Rome en noir
C'est toi le boxeur ? » avait demandé l'individu au boxeur avant de lui mettre son poing dans la figure et de lui coller trois balles dans le buffet. Ce jour là, un dimanche, Benito Mussolini était en deuil. Il venait de perdre son professeur de violon. Le meurtre du boxeur eut lieu dans un bal à Villeurbanne, banlieue ouvrière, mais la victime était originaire de Roccasecca, un village pelé du sud de Rome. Pour la police française, c'était une affaire d'immigrés sans grande importance. Mais pour les Chemises noires, la vengeance est un plat qui se mange froid. Philippe Videlier déroule l'aventure mussolinienne depuis les années trente jusqu'à la mort du Duce, en organisant son récit autour d'un fil rouge : l'assassinat en 1932 du boxeur Pietrantonio Di Mauro, athlète moyen mais fasciste d'élite. La reconstitution minutieuse de l'enquête sur ce meurtre, devenu un enjeu politico-médiatique, accompagne la fresque historique de l'épopée fasciste. Les suspects, anarchistes ou communistes, seront tour à tour emprisonnés, innocentés, de nouveau traqués par les services secrets tout-puissants de Mussolini, la redoutable OVRA, jusqu'à la déclaration de guerre. Mussolini a beau plastronner, ses troupes subissent revers sur revers. Le récit s'achève avec l'écroulement du fascisme : Mussolini est destitué, emprisonné, libéré à la faveur d'une opération spectaculaire ordonnée par Hitler. Les nazis lui concèdent la présidence d'une république fantoche, à Salò, avant la déroute finale. En fuite, Mussolini est reconnu, arrêté et tué. Son corps et celui de sa maîtresse sont exposés à Milan, pendus par les pieds.

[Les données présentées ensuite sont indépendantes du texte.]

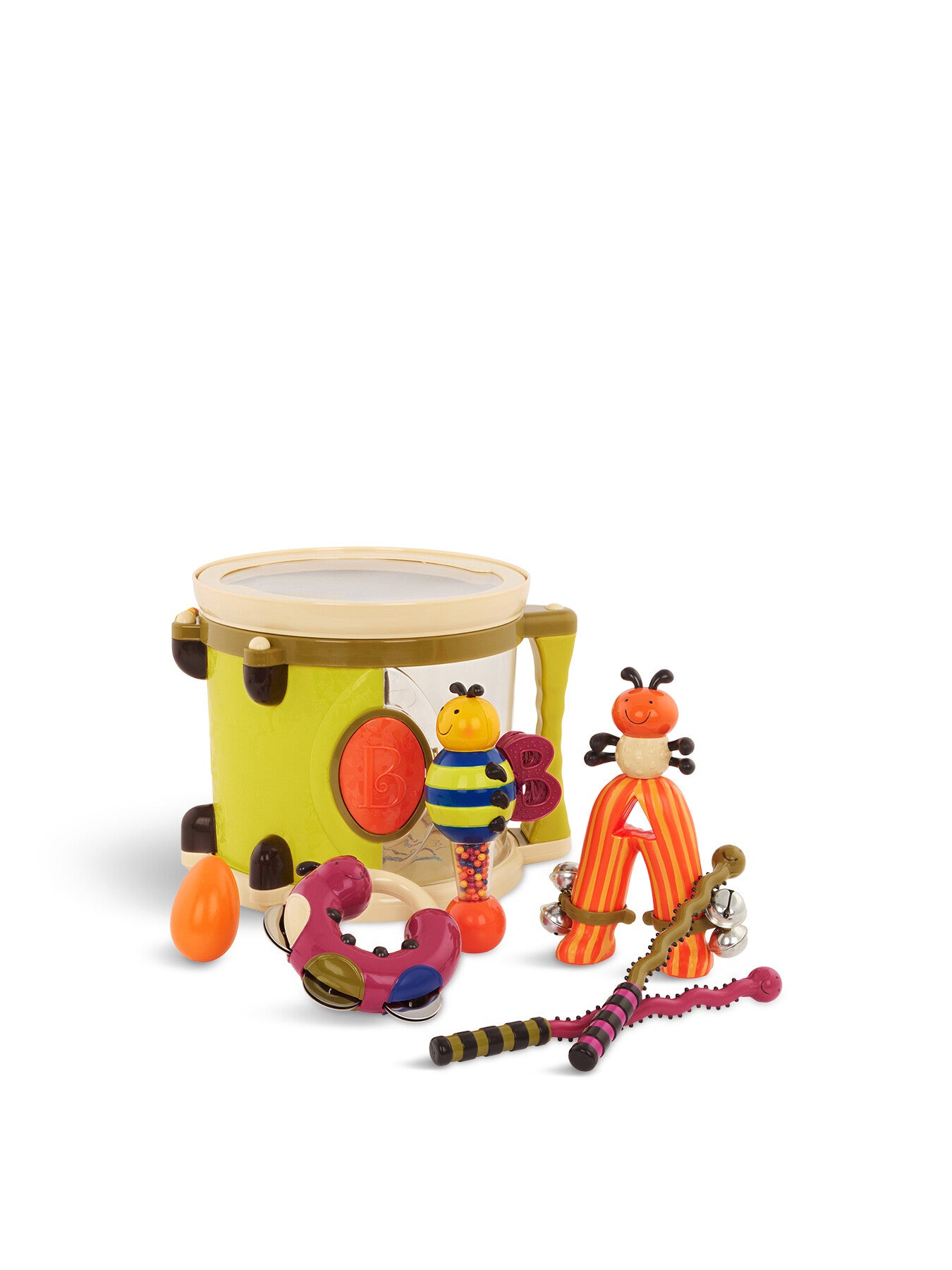 Parum Pum Pum Drum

On retrouve ici la méthode et le style tout à fait singuliers de Philippe Videlier. La folle aventure fasciste arbore les couleurs d'une farce grinçante. Le récit, d'une implacable précision documentaire, est ponctué par les apparitions bouffonnes d'un super-héros jailli d'une bande dessinée à la gloire du régime. Le personnage de Mussolini triomphant, délirant de narcissisme, se piquant d'art, adulé par les foules en Italie et en Amérique, mais aussi, on a tendance à l'oublier, en France et en Europe, domine le livre de sa stature à la fois effrayante et grotesque. Philippe Videlier offre ici une fascinante restitution de la tragédie fasciste.